Oh, and if your kids complain that it was hardly worth the effort you can look at them and say “welcome to the work world.”
We seem to get stuck on the 3rd R of the 3 R’s, if you begin with Reduce, you will have less to recycle. The reason there isn’t more value in recyclable materials is the demand. We need to complete the cycle and buy recycled content. The other thing you need to consider is the cost you will be paying when the landfill your city currently uses becomes full. Where I live we will be looking for a new location in the next few years, with all the urban sprawl, I’m afraid of how far away they will need to build it and how much more it will cost to ship it there. You are saving yourself money with every cubic foot you pull from the waste stream, we are running out of locations to build landfills in many states, some east coast states already have to burn their garbage and decrease air quality or pay huge fees to ship it to another state.
If you’re only recycling for the money, you’ve missed the ENTIRE concept! We dont need to recycle to get change……we need to recycle to MAKE change. To change the way landfills are constantly used, to change the way manufacturers package, to change our own habits. At the rate we’re going our grandchildren’s children wont have any resources left…………..trees will live in museums. Get the correct attitude and recycle to SAVE our planet. Or either put in to be one of the first to colonize the moon.
Unfortunately recycling is a necessary thing to do to sustain many of our planet’s natural resources and for now it is a pain sometimes but there are a variety of technologies that will soon allow us to recycle much easier, not having to sort anything and perhaps even letting it be included with trash. If you want to read more about if recycling is really worth it, you can check out this recent article: http://www.popularmechanics.com/home_journal/how_your_house_works/4291566.html
The concept is well intended, but it’s always destroyed through implementation.
Municipal recycling is not meant to be eco-friendly, but pork for the sanitation company supporting the local politicians.
And at least you get paid for the recyclables. I pay for mine with property taxes.

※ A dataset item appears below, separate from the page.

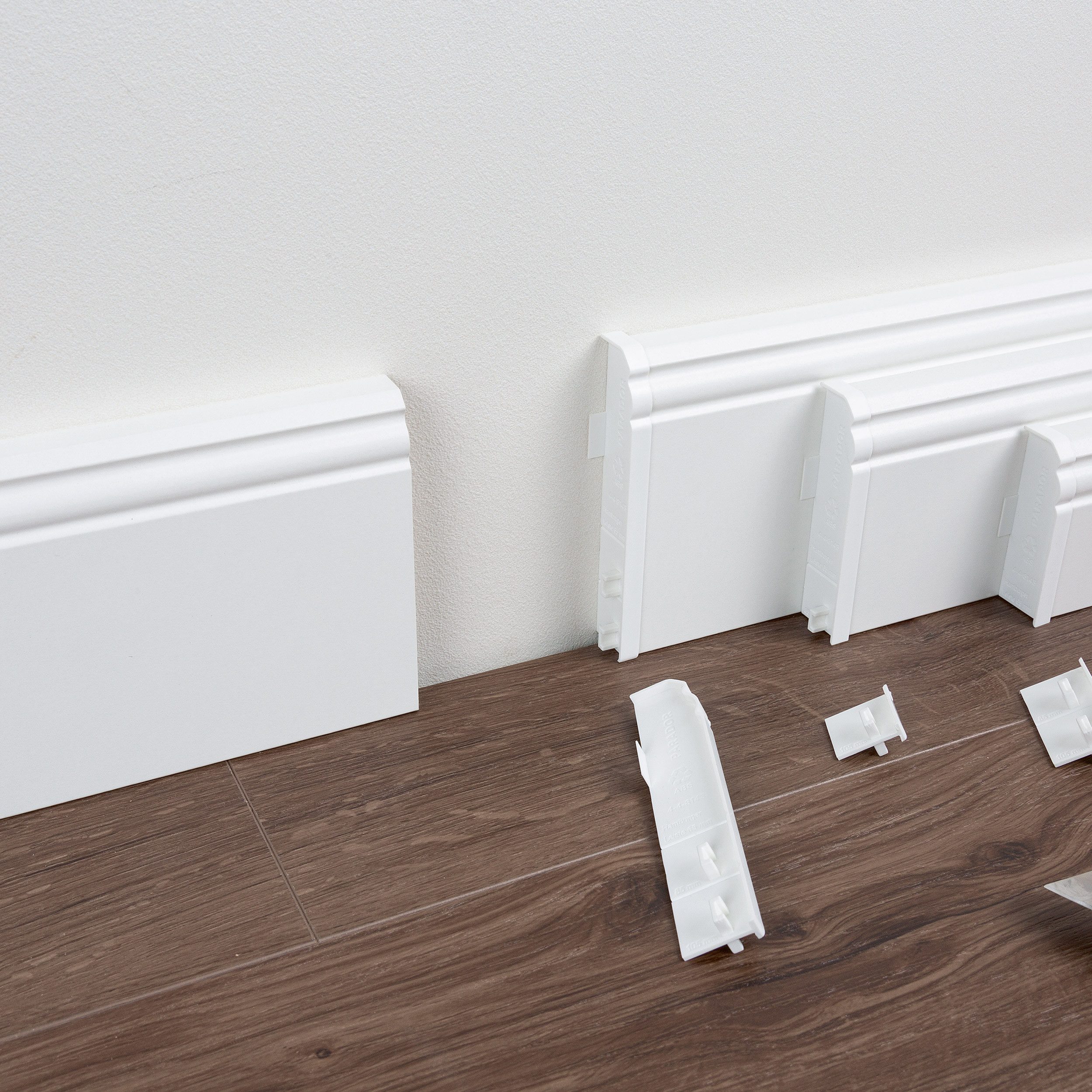PARADOR Sockelleisten-Zwischenstücke variabel Typ 2 für Sockelleisten HL 1, HL 2 und HL 3, L: 15 cm, H: 3.5 cm, Für einen optimalen und sauberen Übergang, 1-St., Kein Gehrungsschnitt erforderlich, Auf den universellen Einsatz HL 1, HL 2 und HL 3 abgestimmt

Ultimately, being green requires a collection of individual decisions, not communal “laziness”. You’re starting to get it.
Good luck!
I read some where, that I think it was New York or New York city, stopped doing glass because it wasnt even cost efficient? I saw once tons of glass being conveyer belted into a huge cargo ship heading to some foriegn nation for processing, how green is that!! Where I use to live, I liked the ideas that the neighborhood kinda left thier recyclables in a bundle for those going thru the rubbish. To me, that was recycling to its best intent. It was horrid when the city gave out bins, and tickets to the people who really needed the money.